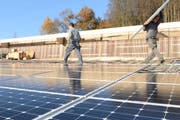 So wie auf diesem Dach in Buchs sollen auch in der Stadt Luzern gemäss einer Initiative vermehrt Flachdächer mit Solaranlagen ausgestattet werden. (Bild: Eveline Beerkircher)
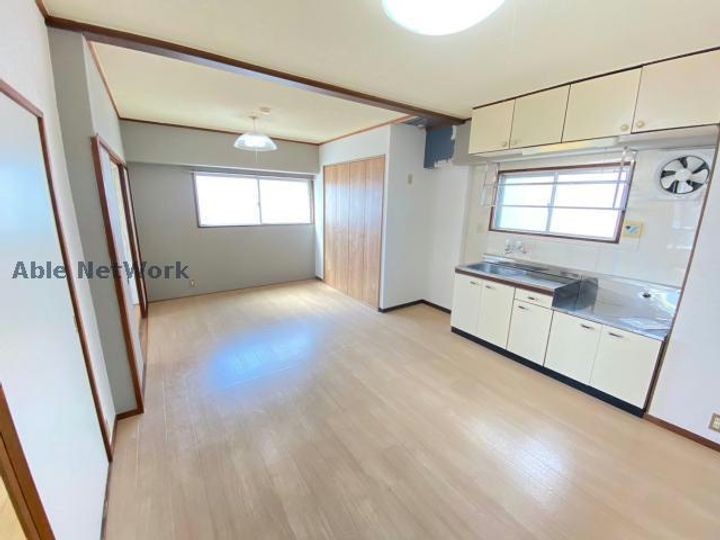 グリーンマンションの居間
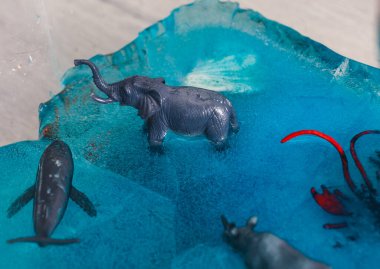 Buzdaki hayvan figürleri. Dokunmatik kutu kullanılarak çocukların motor becerilerinin geliştirilmesi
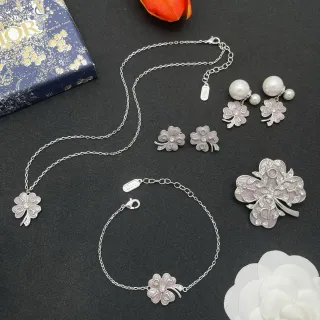 Collier Dior Quatre Feuilles de Trèfle Argent Blanc Motif Pétales Remplis d'Émail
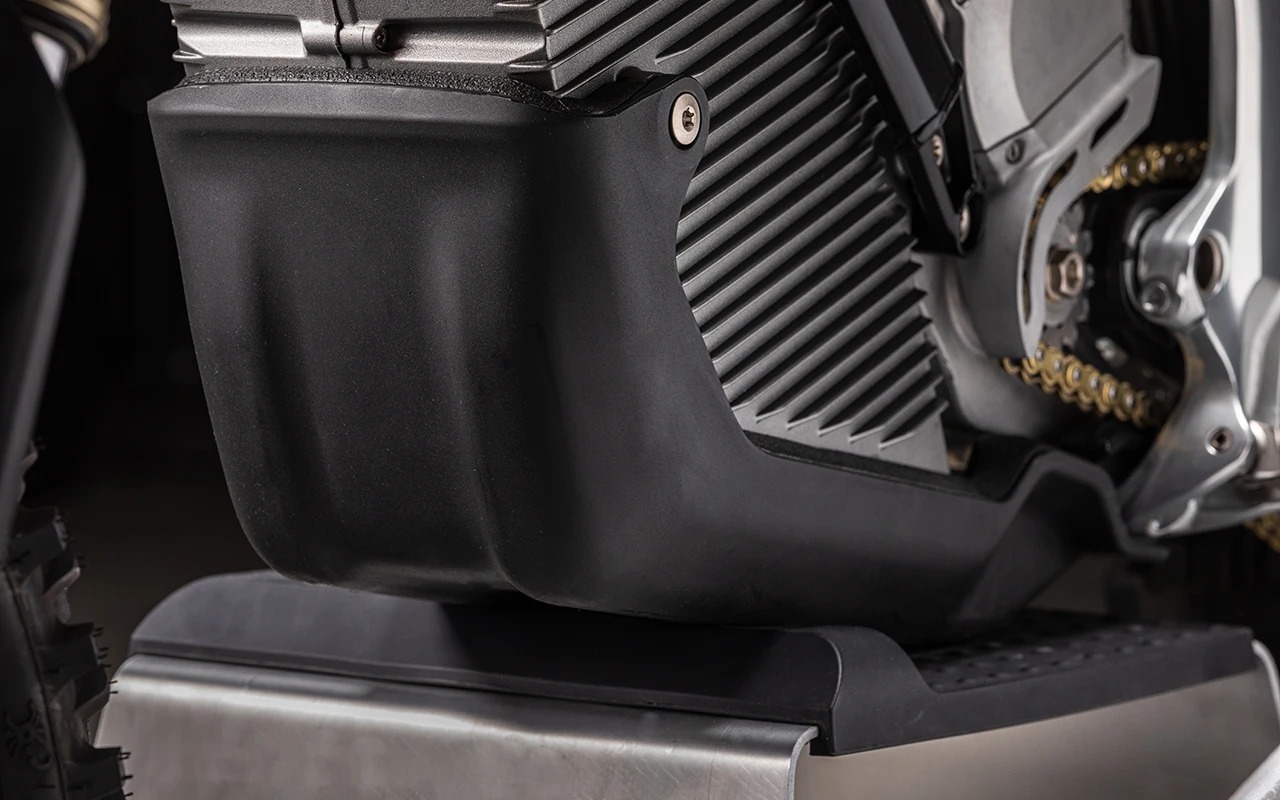 E16KX6BCA3_Skid plate.jpg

● TASK TO CARRY OUT:
Restate word for word the lines from the line with "Collier Dior Quatre" to the last line of the records above, inclusive, and omit every picture.

● ANSWER FOR THE TASK:
 Collier Dior Quatre Feuilles de Trèfle Argent Blanc Motif Pétales Remplis d'Émail
 E16KX6BCA3_Skid plate.jpg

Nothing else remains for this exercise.